2.2.3 On the «Bleak House»


I was whilst engaged upon Bleak House that Dickens, for the first time in his career, complained of feeling overwrought. He began the writing of this book in November, 1851, just a year after the close of David Copperfield, and was busy at it until August 1853; the first of the usual twenty monthly parts appeared in March, 1852, with illustrations by Harlot K. Browne. Doubtless the story cost him a great deal of trouble, for he had set himself a task alien to his genius – that of constructing a neatly elaborate «plot,» a rounded mystery with manifold complications, to serve as the vehicle for his attack upon a monstrous abuse. His letters of the time show that he was not working with the old gusto; he felt his other literary tasks, going on concurrently, very burdensome, to say nothing of the strain imposed by amateur acting and ceaseless social engagements. Of course the method of monthly publication, with author but a little in advance of printer, was, notwithstanding Dickens's deliberate defense, as bad a one as novelist has ever contrived, and we, who owe to it so many of Dickens's blemishes, cannot condemn it too severely. Imagine him to have written how, when, and where he pleased, making his books short or long with regard only to their subject, and choosing his own time for putting forth the complete story, how different would be the possession bequeathed to us!

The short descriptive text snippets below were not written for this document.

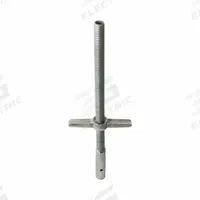 METALTECH Scaffold Leveling Jack: Leveling Jack, Steel, Leveling Jacks (MPN M-MBSJS24H). Key specifications — Compatible with Grainger Part Number: 38HT50; Color: Silver; Compatible with Manufacturer Model Number: M-MFT5710A; Included Components: 24 in Galvanized Screw Hollow Rod Leveling Jack; Material: Steel; Product Type: Leveling Jack; Brand: METALTECH.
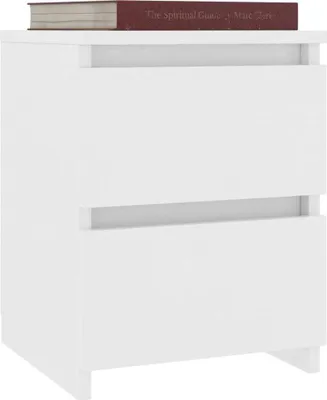 Produktbild von Möbel 2er Set Nachttisch Modernes - Nightstand/Nachtschrank für Schlafzimmer - Weiß 30x30x40 cm Holzwerkstoff Top9922159
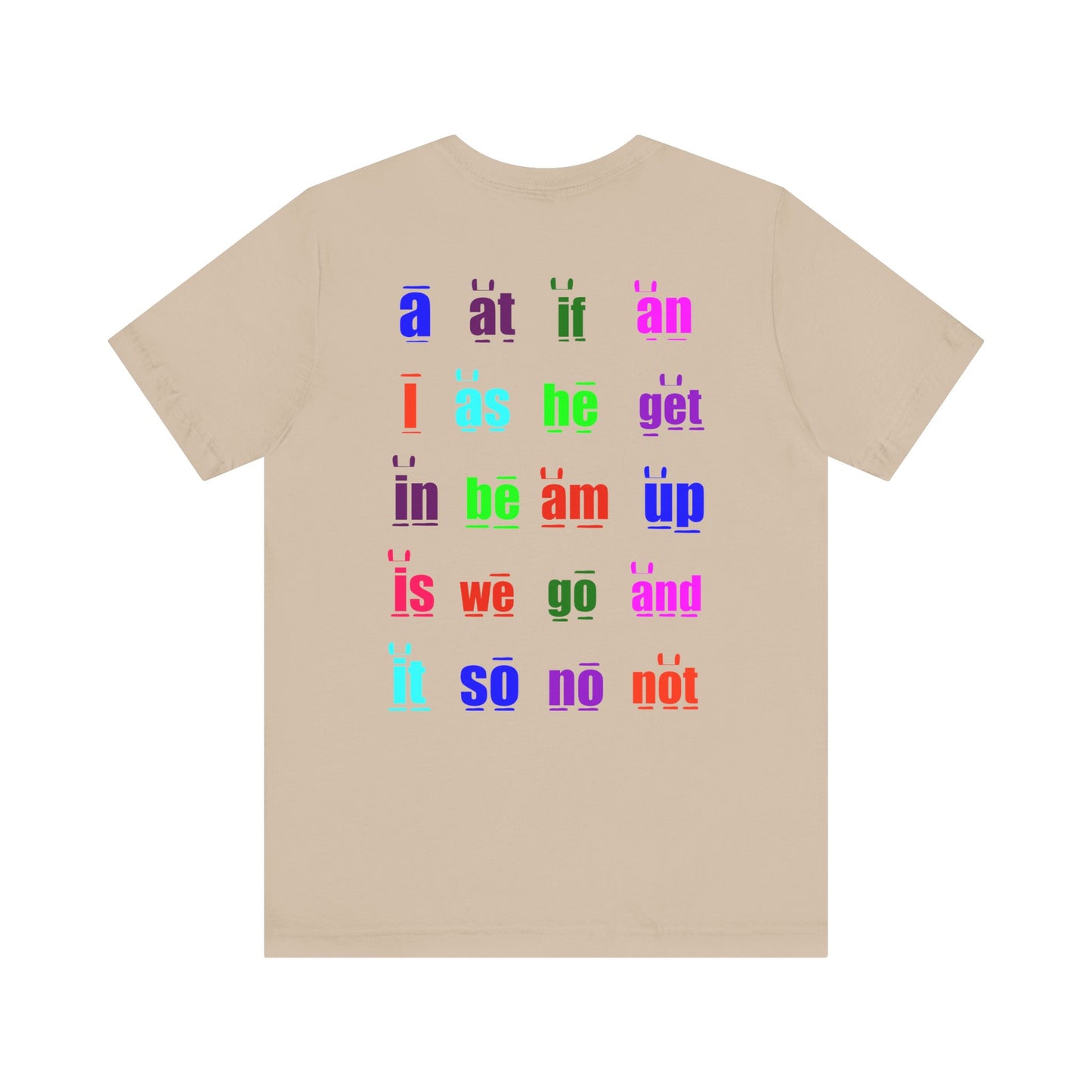 Tan Sight words tee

In the serial issue David Copperfield had not had a great sale; Bleak House began at once with a larger, and presently rose to a circulation of nearly twice that attained by the earlier and better book. The wise man does not try very hard to explain such statistics, but it seems intelligible that the opening chapters of Bleak House should have excited that sort of curiosity which in the public at large means interest; there is a lawsuit involving a great fortune, and there is a mystery affecting aristocratic lives. Herein lay novelty; for the two preceding books, Dumber and Copperfield, had opened with childhood, and followed a regular biographic tenor. Dickens's first idea with regard to their successor was to call it Tom-all-Alone's, and to make Jo the centre of interest; obviously a project of no great promise and soon abandoned. I have somewhere read a suggestion, that in the changed character of his later works, where «plot» takes the place of biographic narrative, we are to note the influence of Dickens's friend, Wilkie Collins; but in the year 1851 Wilkie Collins had published only his first, and uncharacteristic, work of fiction, Antonina, and it is more likely that, if influence there were of one novelist upon the other, Bleak House had its part in the shaping of Collins's successful work; Inspector Bucket, at all events, certainly gave a new type to the novelists of crime.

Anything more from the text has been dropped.